I shall miss Messenger when it disappears. That's Windows Live Messenger, formerly known as MSN Messenger, the online conversational service. I've been chatting to folk through the medium of words ever since 1999 when Messenger kicked off. But Microsoft have announced that their protege will be retired from March next year and all users urged to switch over to Skype instead, which they also own.
What I liked about Messenger, and its Yahoo/AOL variants, was the "instant" part of instant messaging. A sentence typed at my end could be off to the other side of the planet and a response back in a matter of seconds. It became very easy to have a decent conversation without actually talking, which is the main reason I liked it. I'm not one for picking the phone up and actually ringing someone, so text based chat has been a godsend, even a lifeline, for keeping in touch with various acquaintances.

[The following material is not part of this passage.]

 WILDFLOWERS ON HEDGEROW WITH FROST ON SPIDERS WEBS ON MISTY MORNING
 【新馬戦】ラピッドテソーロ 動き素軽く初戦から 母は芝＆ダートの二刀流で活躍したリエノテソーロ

Email's not the same. You can write more, indeed writing more's encouraged, but then the whole chain of communication becomes slow and is anything but instant. Twitter's not the same. The whole conversation's public, and I don't know about you but I'm not happy to broadcast my private thoughts like that. Texting's not the same. Even though you can only send a few words there's still a relatively lengthy delay between each message, and attempting to have any sort of meaningful conversation can take ages. Ditto most of the other browser-based messaging services that have arisen more recently. Once you press send it'll be at least a couple of minutes before the page refreshes and any response returns, and you can waste hours of your life hanging around that way.
The advance of mobile technology is also helping to make instant messaging obsolete. I blame smaller devices. Even if you're good at typing or tapping on a mobile, it's not as quick as using a full-size keyboard. Whereas people used to be able to dash off a long comment now they tend to write considerably less and so conversation dumbs down. And I blame always-on wifi. You'd think people would be more available to chat these days, but instead it only looks that way because mobiles stay logged on even when their owners aren't looking at them. And I blame apps. Mobiles and tablets aren't designed for multi-tasking, so attempting to watch a film or play a game or read a map AND manage an online conversation is doomed to fail.

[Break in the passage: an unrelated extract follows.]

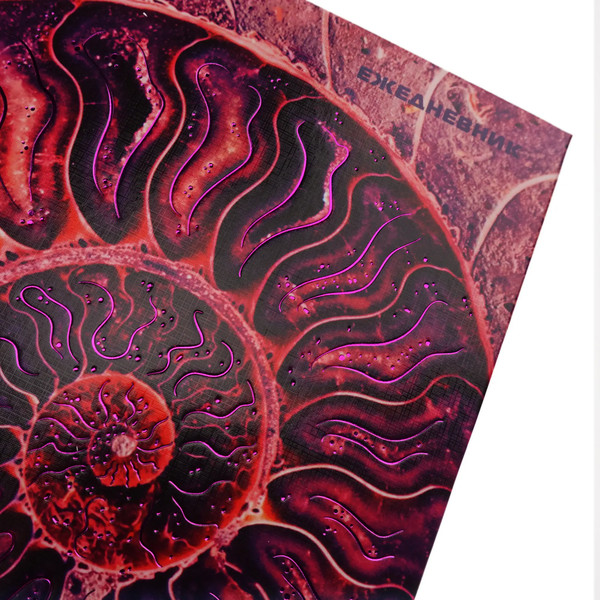 Изображение товара Ежедневник Listoff Аммонит / ЕЖФ24512831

I'm missing Messenger already. There used to be dozens of people I knew on there, and now there aren't. Indeed there were years when I only had to log into the system and some friend would pop up for a conversation, maybe several. Not any more. Now I can log in and nobody says hello at all, and nobody's there if I want to say hello back.
Let me quantify that sense of disassociation. I've checked out the 141 online Messenger contacts I've accumulated over the last decade, and how long ago it is since they last signed into the service. And it's quite a long time.
Signed in...
At 9pm last night: 2
In the last year: 24
In the last day: 5
In the last two years: 10
In the last week: 11
In the last three years: 21
In the last month: 14
Longer ago than that: 54
Some of these people I can still chat to in other ways, but most just blipped out one day never to return. Maybe they blocked me because I was boring. Maybe they gave up because the interface became flaky. But more than likely Messenger just fell off the list of their priorities, and with it so did I.
I don't expect you to have sympathy, especially when alternative platforms are available. I expect you to say "Pull yourself together Granddad and get with the programme". You're probably better at keeping in touch with people than I am, and/or more embracing of modern forms of communication. But I'm sorry that something simple and effective is being killed off (if indeed it wasn't semi-comatose already) as a company ditches its past to monetise its future. Rest assured I'll still be sitting here, but I may not speak to you soon.